Bane had added a three shelf bookcase on the wall facing his desk, now starting to fill up with newspapers, clippings, general debris he threw there. The Dire Wolf unlocked hidden wheels on the bookcase and spun it away to reveal a compartment sunk into the ground. When he left this office, he expected he would have to pay a hefty fine for some of the unauthorized changes he had made, including this hiding place. Bane tugged up a trunk, carried it over and dropped it in the center of the room. Sudden excitement made his heart beat faster. He hadn't used this gear in too long a time.
Bane stripped off his outer clothes. He was already wearing a bodysuit of flexible grey metal which looked like wet silk with a faint sheen. He seldom went anywhere without this armor. The Trom-metal was not invincible but it gave good protection up to high-power rifle slugs. He drew on tough black pants with a number of flap pockets, then a black crewneck shirt of the same durable material. Under the sleeves, he fastened the sheaths of the silver-bladed daggers he had used his entire career. They had been a gift from Kenneth Dred, and Bane would have held on to them no matter what else he had to give up in life. He fixed straps to the ensalir setting on the Eldar travel crystal and tied it securely high on his back, between his shoulder blades. Then came a black waist-length jacket of a tough leathery material, also fitted with several flap pouches and inner pockets.

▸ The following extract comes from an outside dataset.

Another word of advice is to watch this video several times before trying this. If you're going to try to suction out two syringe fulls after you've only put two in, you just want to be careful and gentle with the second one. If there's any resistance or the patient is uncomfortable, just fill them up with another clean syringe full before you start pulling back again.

Digging through the trunk, Bane began stowing odd equipment in various pockets. Some was conventional, like a small first aid kit in a plastic box or a multiple-bladed tool knife, but most had been handcrafted for his use years ago. From a padded setting in the trunk, he took out an air gun with an extended barrel. For decades, he had used anesthetic darts in this to take enemies alive, but now he slid a clip of resonance caps in and clicked it shut. He buckled the gunbelt so the holster would be behind his left hip, hidden by the jacket.

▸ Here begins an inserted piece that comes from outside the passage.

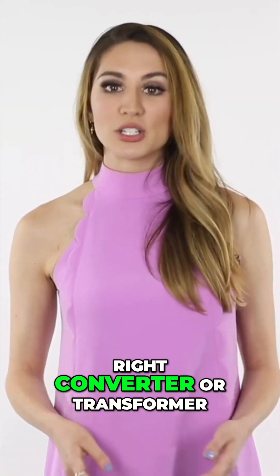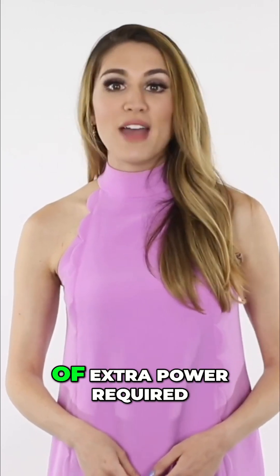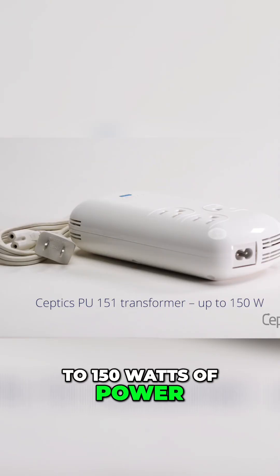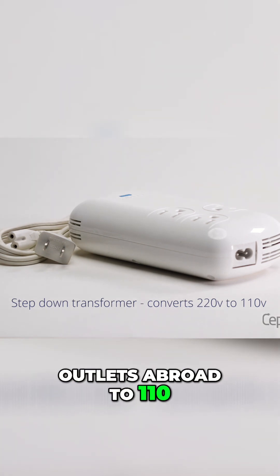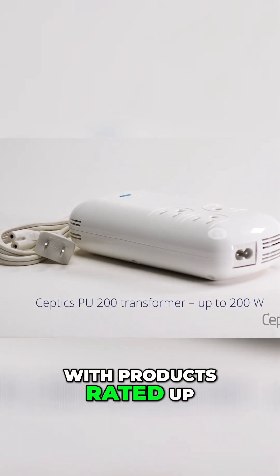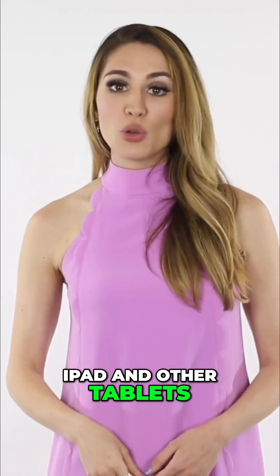Step three: choosing the right converter or transformer. You'll want to look for a converter or transformer that provides just a bit more wattage than you need, as devices tend to surge up when they're turned on. The Subtix PU-151 transformer is designed to work with electronics up to 150 watts of power — it has a step-down transformer, converting 220 volt outlets abroad to 110 volts for North American electronics rated less than 150 watts. The Subtix PU-200 is a 200 watt travel voltage converter that works with products rated up to 200 watts. Both converters also feature four USB ports to power USB devices such as iPhone, iPad, and other tablets or cell phones.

Finally, Bane raised what looked like a black motorcycle helmet and lowered it over his head. It connected to the high collar of the jacket. He lowered the visor and saw the read-outs start on the heads-up display. Perfect. He knew Leonard Slade had guaranteed the Trom power source had an active usefulness longer than Bane's own life would be, but it was reassuring to check. The Dire Wolf slid up the visor again to its track inside the helmet. He felt good wearing the field suit. It brought back many memories and wearing it gave him a thrill of anticipation. Moving quicker than ever, he returned the trunk to its hiding place and swiveled the bookcase over it.

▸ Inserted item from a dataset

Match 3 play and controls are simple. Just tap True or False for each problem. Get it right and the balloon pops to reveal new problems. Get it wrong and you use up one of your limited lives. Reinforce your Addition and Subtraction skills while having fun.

Now to see if he could see use the Eldar crystal. With it fastened to his back, since he was already in contact and did not need to place his fingers on it. Bane half-closed his eyes and visualized where he wanted to be. It was not enough to half-heartedly wish to gate, you had to put full-out will power into the effort. Bane concentrated hard. There came a silent flare of pale blue light and, when it faded, the office was empty.
II.
With a gasp, Jeremy Bane dropped to one knee and caught himself with his fingertips on the ground. That was harder than he had remembered. There had always been a jolt of transition as the travel crystal opened a gate and passed him from one location to another. But not like this. He straightened up and took a deep breath. He must be more out of practice than he had expected. Bane took his bearings. To his left was a body of water he recognized, the Schuyler Reservoir. He was about ten miles from the nearest town then. It was a gorgeous early spring afternoon in the Adirondacks, crisp and clear, with buds just opening on the trees and the mountains looming up blue and beautiful on the horizon, but the beauty of it all was lost on a city boy like him. To Bane, this was just another arena.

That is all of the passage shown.